Dalam pandangannya, kepemimpinan tidak lagi cukup hanya didefinisikan melalui efektivitas manajerial, pencapaian target, atau kekuatan karisma personal dalam memobilisasi massa.
Kepemimpinan sejati adalah tentang bagaimana seseorang mampu menumbuhkan harapan (hope), keyakinan (faith), dan cinta kasih altruistik (altruistic love) dalam komunitasnya (masyarakat yang dipimpinnya) sekaligus menginspirasi melalui visi yang memberi makna hidup dan kerja.
Dalam beberapa kasus, pemimpin mengalami kesulitan mengarahkan orang yang dipimpin (bawahan) sebagai akibat tekanan politik atau sikap latah terhadap pengkultusan figur lain.

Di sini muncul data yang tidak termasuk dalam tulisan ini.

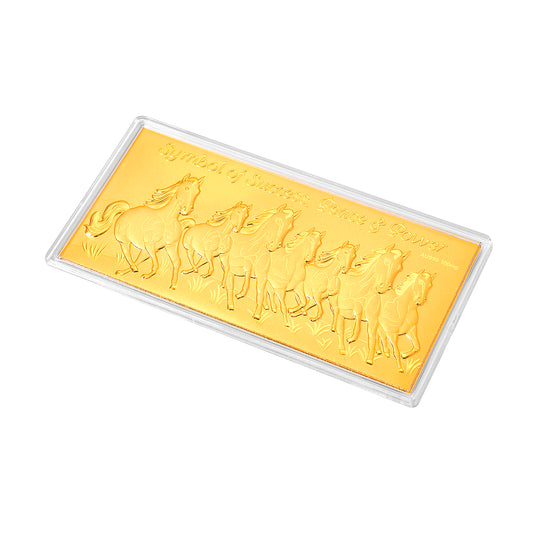 999er Goldfolie mit 7 Pferdemotiven, 15,5x7,5cm, 100mg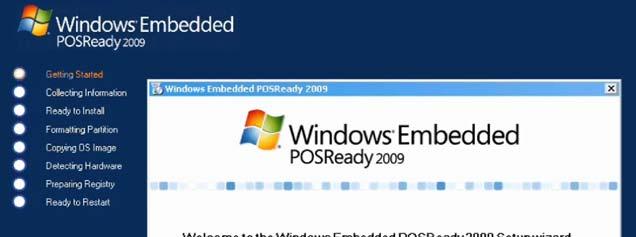 < 그림 4-1> Windows Embedded POS Ready 2009 설치화면의예 4.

Louis W. Fry (2003) memotivasi untuk mewujudkan kepemimpinan spiritual karena memiliki dampak signifikan terhadap keterlibatan karyawan, loyalitas, produktivitas, serta kepuasan kerja yang lebih mendalam.
Dalam jangka panjang, model kepemimpinan ini mendorong terbentuknya organisasi yang sehat secara etika, tangguh secara psikologis, dan berkelanjutan secara sosial. Gagasan Louis W. Fry (2003) tidak hanya bersifat teoritis tetapi sangat aplikatif dalam dunia yang mendambakan kepemimpinan yang lebih manusiawi, bermakna, dan bernilai spiritual tinggi.